Ants
| Time Limit: 1000MS | Memory Limit: 30000K | |
| Total Submissions: 14610 | Accepted: 6363 |
Description
An army of ants walk on a horizontal pole of length l cm, each with a constant speed of 1 cm/s. When a walking ant reaches an end of the pole, it immediatelly falls off it. When two ants meet they turn back and start walking in opposite directions. We know the original positions of ants on the pole, unfortunately, we do not know the directions in which the ants are walking. Your task is to compute the earliest and the latest possible times needed for all ants to fall off the pole.
Input
The first line of input contains one integer giving the number of cases that follow. The data for each case start with two integer numbers: the length of the pole (in cm) and n, the number of ants residing on the pole. These two numbers are followed by n integers giving the position of each ant on the pole as the distance measured from the left end of the pole, in no particular order. All input integers are not bigger than 1000000 and they are separated by whitespace.
Output
For each case of input, output two numbers separated by a single space. The first number is the earliest possible time when all ants fall off the pole (if the directions of their walks are chosen appropriately) and the second number is the latest possible such time.
Sample Input
2 10 3 2 6 7 214 7 11 12 7 13 176 23 191
Sample Output
4 8 38 207
Source
解析:题意为n只蚂蚁以1cm/s的速度在长为Lcm的水平杆上爬行。当蚂蚁爬到杆的端点时会立即掉落。当两只蚂蚁相遇时,他们各自反向爬回去。对于每只蚂蚁,只知道它到杆左端的距离为xi,但不知道它的朝向。求所有蚂蚁从杆上落下的最短时间和最长时间。

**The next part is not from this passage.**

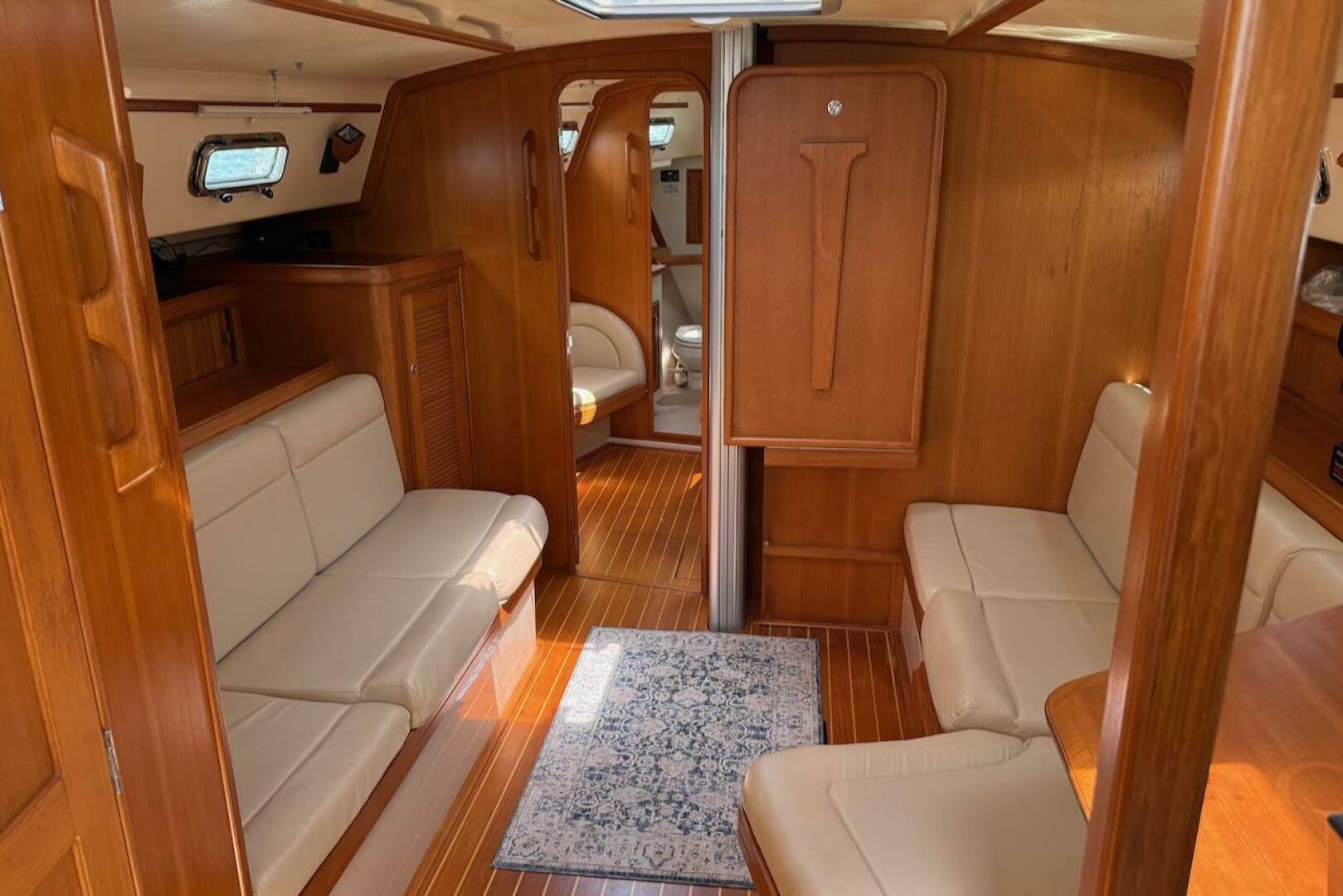 Slide: The Image of Island Packet 420 2002 - 5454992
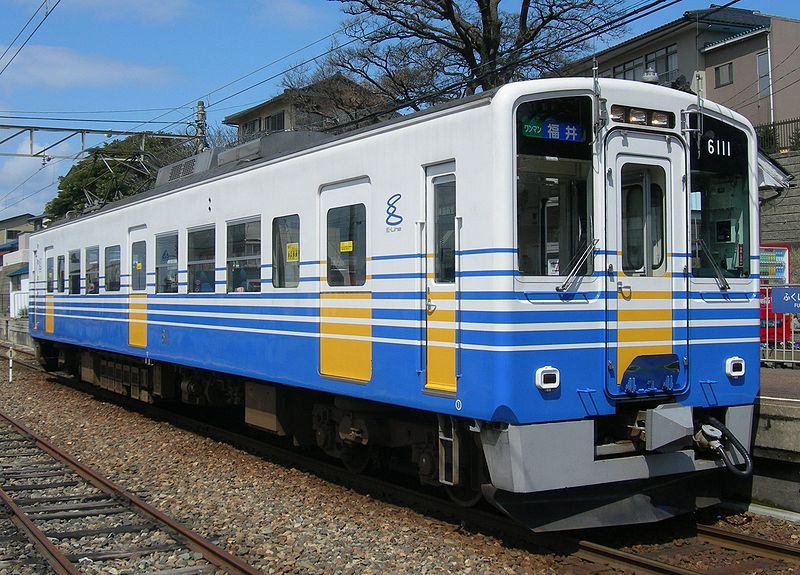 File:Echizen Railway6111.jpg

1.最短时间很容易想到。所有蚂蚁都朝向距离自己较近的端点爬行,最后一只蚂蚁落下所花费的时间就是最短时间。事实上,这种情况下不会发生两只蚂蚁相遇的情况,而且也不可能比这有更短的时间走到杆的端点。
2.为了研究最长时间的情况,我们看看两只蚂蚁相遇会发生什么。根据题意,我们知道当两只蚂蚁相遇时,他们各自反向爬回去。假如无视蚂蚁之间的区别,从整体上看,我们可以认为两只蚂蚁各自保持原样前行。事实上,这样理解对于我们研究的问题不会有影响。因此,我们可以认为每只蚂蚁都是独立运动的,最长时间来源于到杆的某个端点的距离最远的那只蚂蚁。
#include <cstdio>
#include <algorithm>
using namespace std;
int main()
{
int t;
scanf("%d", &t);
while(t--){
int len, n;
scanf("%d%d", &len, &n);
int minT = 0, maxT = 0;
int pos;
while(n--){
scanf("%d", &pos);
minT = max(minT, min(pos, len-pos));
maxT = max(maxT, max(pos, len-pos));
}
printf("%d %d
", minT, maxT);
}
return 0;
}